Park Slope native Ned Vizzini is the author of four books including It’s Kind of a Funny Story, which was made into a movie starring Zach Galafianakis two years ago by the directors of Half Nelson. His latest novel, The Other Normals, about a role playing game made real (sort of), was released today by Balzer + Bray. He’s also a writer for ABC’s Last Resort and MTV’s Teen Wolf. (He is also sometimes a contributor to this magazine.) We spoke to him on Gchat—just like the kids do these days!—about what percentage of his books are real and who writes the best hate mail.
lmag: Though you live on the West Coast, Brooklyn and New York City are still your settings of choice. How does your hometown inspire your writing process?
nedvizzini: I think you have to live in a city for more than two and a half years to set a story there. I also haven’t experienced growing up in Los Angeles—a particular experience that involves car accidents.
One thing that I loved about growing up in Brooklyn was that once I could ride the subway, it was a world of strange possibilities. I could see people vomiting or making out at any time. That atmosphere of being amid the unexpected is good for a book.
lmag: So the unexpected was a big part of your understanding of New York, and it certainly features in The Other Normals.
Would you say this book draws on much from your personal life?
(apart from the inter-dimensional travel)
nedvizzini: I always had this fantasy in New York that the subway doors would open and I would be in a jungle or a forest. It never happened so I had to make it happen. I’d say the book is 50% real life, 50% based on things that actually happened to me in high school and summer camp. That’s more inventive than my other books. They are 85%, 65%, and 95% real, respectively.

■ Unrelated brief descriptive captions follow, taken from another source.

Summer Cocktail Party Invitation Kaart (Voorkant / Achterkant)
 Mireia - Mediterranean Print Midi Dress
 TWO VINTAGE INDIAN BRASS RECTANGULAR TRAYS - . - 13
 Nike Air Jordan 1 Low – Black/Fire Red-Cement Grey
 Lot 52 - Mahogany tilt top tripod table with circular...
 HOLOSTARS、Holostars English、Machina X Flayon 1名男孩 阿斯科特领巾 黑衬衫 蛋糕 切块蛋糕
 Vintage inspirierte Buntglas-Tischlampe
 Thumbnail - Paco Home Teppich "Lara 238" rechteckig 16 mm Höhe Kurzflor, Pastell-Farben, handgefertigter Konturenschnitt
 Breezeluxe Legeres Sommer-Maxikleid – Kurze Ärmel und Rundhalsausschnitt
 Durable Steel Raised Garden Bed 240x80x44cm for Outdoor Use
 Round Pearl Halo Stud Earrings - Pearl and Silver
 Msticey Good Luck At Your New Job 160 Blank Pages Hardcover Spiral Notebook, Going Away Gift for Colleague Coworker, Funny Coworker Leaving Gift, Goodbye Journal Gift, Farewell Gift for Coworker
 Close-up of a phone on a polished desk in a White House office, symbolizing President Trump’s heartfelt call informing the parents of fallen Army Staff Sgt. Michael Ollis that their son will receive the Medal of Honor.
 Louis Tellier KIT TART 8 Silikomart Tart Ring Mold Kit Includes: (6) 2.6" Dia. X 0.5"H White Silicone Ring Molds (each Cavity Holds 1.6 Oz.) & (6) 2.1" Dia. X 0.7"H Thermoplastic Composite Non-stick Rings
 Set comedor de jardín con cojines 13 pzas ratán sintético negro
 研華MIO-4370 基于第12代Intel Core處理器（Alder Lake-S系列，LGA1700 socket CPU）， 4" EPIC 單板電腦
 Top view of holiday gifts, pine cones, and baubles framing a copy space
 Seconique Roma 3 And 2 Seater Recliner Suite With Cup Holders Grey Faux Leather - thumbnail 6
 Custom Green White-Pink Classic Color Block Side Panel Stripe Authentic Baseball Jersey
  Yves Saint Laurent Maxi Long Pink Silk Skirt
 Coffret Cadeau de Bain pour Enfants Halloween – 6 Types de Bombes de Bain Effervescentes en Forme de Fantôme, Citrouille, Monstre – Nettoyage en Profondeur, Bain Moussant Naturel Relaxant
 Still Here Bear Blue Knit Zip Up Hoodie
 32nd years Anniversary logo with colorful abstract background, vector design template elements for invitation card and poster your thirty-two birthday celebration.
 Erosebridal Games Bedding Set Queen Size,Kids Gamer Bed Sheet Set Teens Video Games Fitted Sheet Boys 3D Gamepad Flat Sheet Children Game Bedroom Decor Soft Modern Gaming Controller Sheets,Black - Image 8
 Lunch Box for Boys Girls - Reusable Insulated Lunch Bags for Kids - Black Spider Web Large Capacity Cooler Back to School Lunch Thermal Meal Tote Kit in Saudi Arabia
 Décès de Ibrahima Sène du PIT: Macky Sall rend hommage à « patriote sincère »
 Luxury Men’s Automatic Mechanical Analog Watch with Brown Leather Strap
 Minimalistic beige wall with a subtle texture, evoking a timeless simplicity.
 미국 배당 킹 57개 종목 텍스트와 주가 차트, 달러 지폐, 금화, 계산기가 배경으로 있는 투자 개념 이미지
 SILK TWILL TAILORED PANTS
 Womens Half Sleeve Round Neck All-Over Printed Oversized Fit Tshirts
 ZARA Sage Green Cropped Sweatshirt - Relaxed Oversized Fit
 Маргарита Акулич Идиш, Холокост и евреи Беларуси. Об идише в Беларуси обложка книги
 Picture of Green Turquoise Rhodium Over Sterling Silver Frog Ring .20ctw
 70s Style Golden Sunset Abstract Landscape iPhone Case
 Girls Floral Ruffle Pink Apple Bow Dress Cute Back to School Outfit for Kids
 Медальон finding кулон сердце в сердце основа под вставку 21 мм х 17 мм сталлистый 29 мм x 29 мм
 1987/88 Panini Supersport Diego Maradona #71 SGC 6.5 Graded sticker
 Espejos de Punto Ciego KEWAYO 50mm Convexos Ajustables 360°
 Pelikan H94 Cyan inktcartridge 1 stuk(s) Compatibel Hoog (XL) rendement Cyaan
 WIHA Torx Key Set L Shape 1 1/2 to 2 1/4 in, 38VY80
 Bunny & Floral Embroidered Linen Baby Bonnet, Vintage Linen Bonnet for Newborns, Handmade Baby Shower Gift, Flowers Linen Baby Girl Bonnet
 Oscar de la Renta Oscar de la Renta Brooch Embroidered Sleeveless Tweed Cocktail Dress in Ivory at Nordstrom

lmag: Ha! You sound like you had that calculation worked out beforehand.
nedvizzini: I did.
It’s Kind of a Funny Story is 85% true. Be More Chill is 65% true. Teen Angst? Naaah… is nonfiction, so it better be 95% true.
lmag: So if The Other Normals is 50/50, were you really a D&D player as a high schooler, or was that the other 50 percent?
nedvizzini: I was a D&D player in high school, of sorts. I had the exact situation as Perry, the hero, does in the book. I had all the D&D books but I never had anyone to play with—or when we did play, it was always like two hours of making characters and then somebody’s mom called and we had to go home. But I LOVED those guidebooks and I LOVED making characters. It was like a drug for me.